As the story goes, his nanny fled from Belgium to Cuba during the Holocaust, where she started baking the apple cake to celebrate Rosh Hashanah. From Cuba she moved to New York, where Cohen’s aunt makes her recipe to this day.

“I transformed it and wrote about it. To see people every year on Rosh Hashanah tag me [on social media] saying, ‘I’m making Jake’s Nanny’s Apple Cake,’ that is like magical,” Cohen said. “That is preservation of family recipes that will live on for generations. That’s the most important thing I can do. Preserve aspects of Jewish culture, my family’s culture and my husband’s family’s culture.”

Cohen also documented his husband’s family recipes by including their Kibbuh recipe, without any revisions, in the book. Since it was never officially written down, neither Shapiro nor his cousins know how to make it, and Cohen wanted to make sure those family recipes were passed down and remembered.

“It’s just something I wanted to do as an act of service for my husband and his family,” Cohen said about Kibbuh, a traditional Iraqi dish made with meat dumplings in a sweet-and-sour beet stew. “To offer a recipe for not only him but any young Iraqi Jew who remembers eating it growing up to now hav[ing it] as a jumping-off point to make it on their own — that is the most valuable thing I can do.”
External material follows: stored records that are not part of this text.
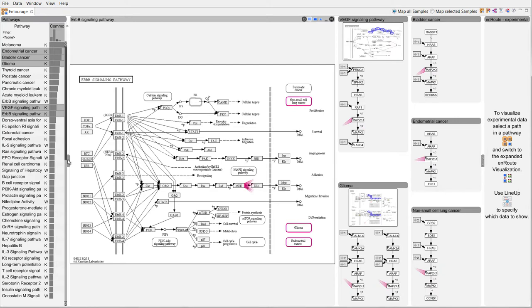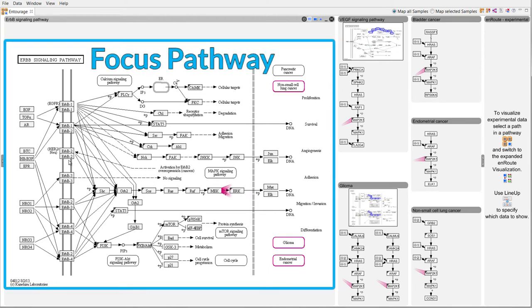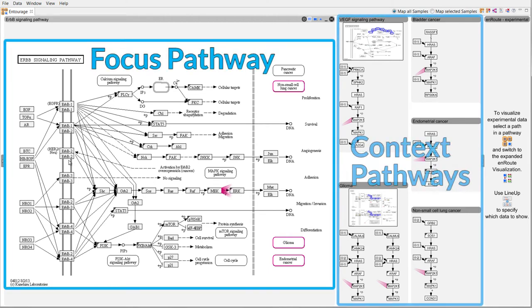To get more display space for pathways we hide the pathway list. We distinguish between a focus pathway that is shown at full scale and context pathways that show only relevant parts.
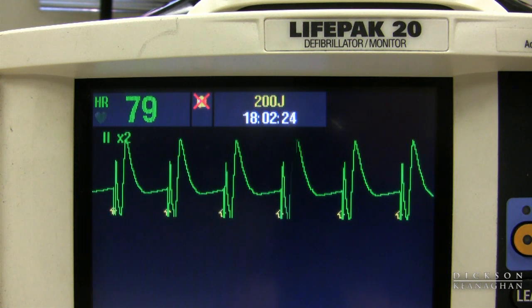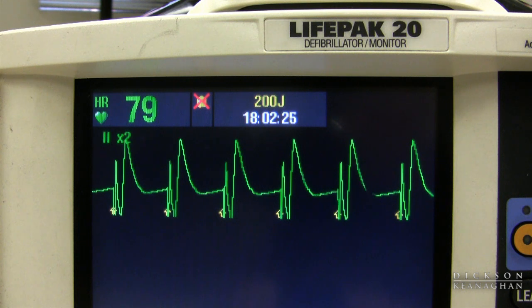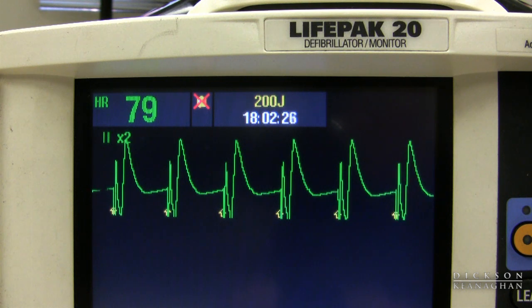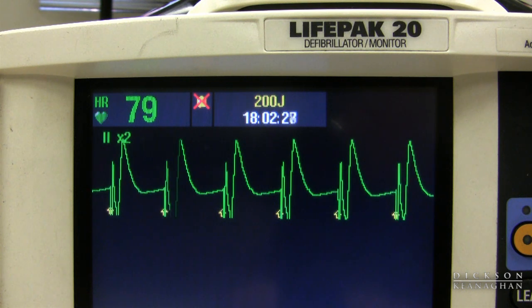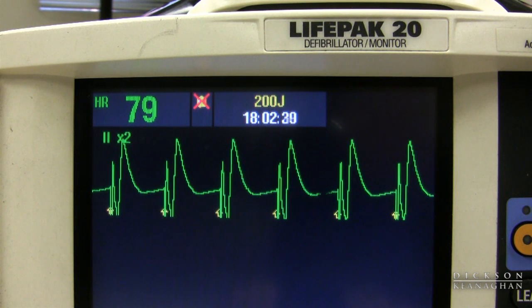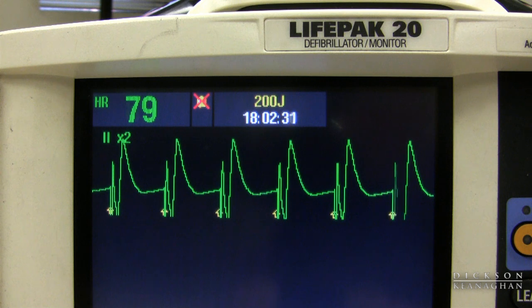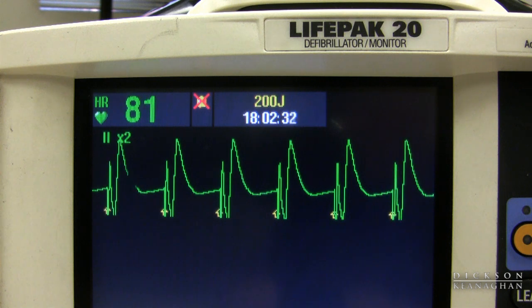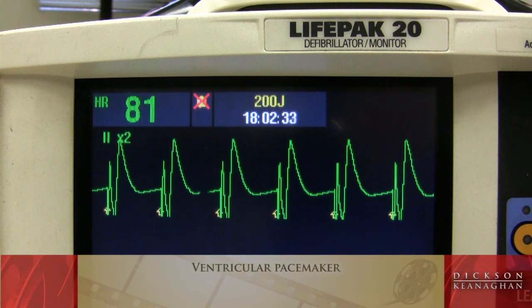I see a spike and an immediate capture. This is a paced rhythm — a ventricular pacemaker.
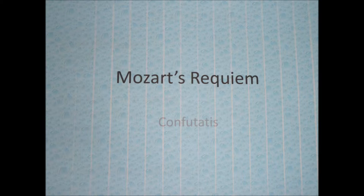Confutatis is one of the more lively sections of Mozart's Requiem. The word Confutatis means 'having been silenced.' The translation of the text accompanying the music is as follows: 'When the wicked are confounded and consigned to keen flames, call me with the blessed, praise the pliant and kneeling, a heart is contrite as ashes, take down my ending into thy care.' So as we can see, this is a very dramatic portion of the Requiem.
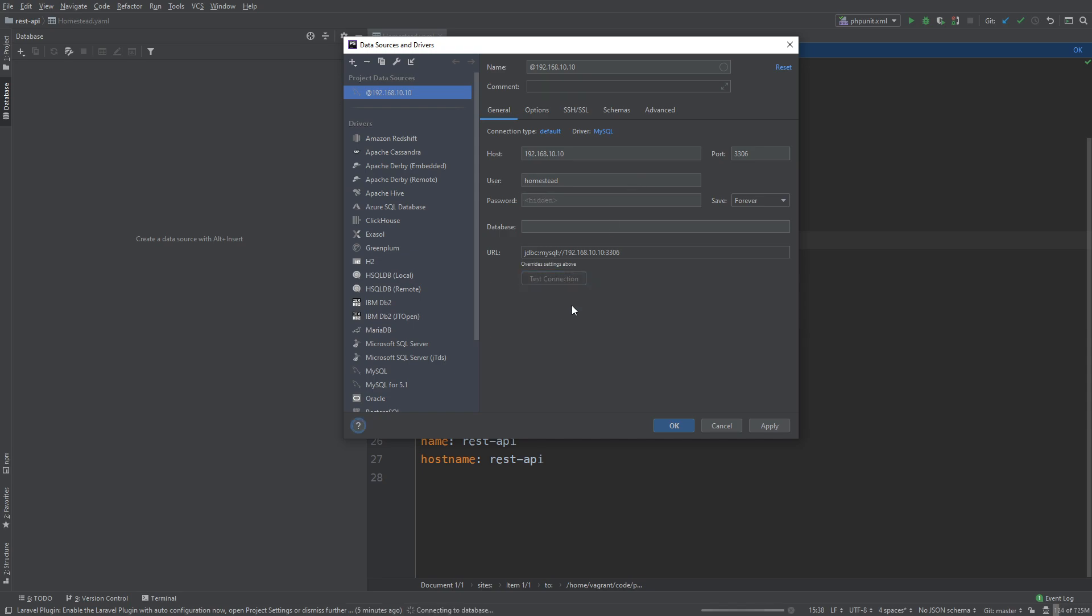Now if this is the first time that you're doing this in PHPStorm it might need you to install some MySQL drivers but that's okay, don't worry you can do it in the IDE and it doesn't take too long. Although test connection does take some time itself.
Cohen said he gets emotional when reading the passages and head notes filled with family history on the pages of “Jew-ish.” Speaking to high school students on his press tour, he encouraged them to reach out to their grandparents and family members and ask them about the food they grew up with.

Courtesy Jake Cohen

Noting he and other Millennials and Gen Z-ers have the privilege of being born in America after prior generations “fought so hard to create a more stable and more free life,” Cohen instructs that the easiest thing for younger Jews to do is ask “your grandmother what she ate on Shabbat. What did her mother cook? These are the things that add color into the family history.”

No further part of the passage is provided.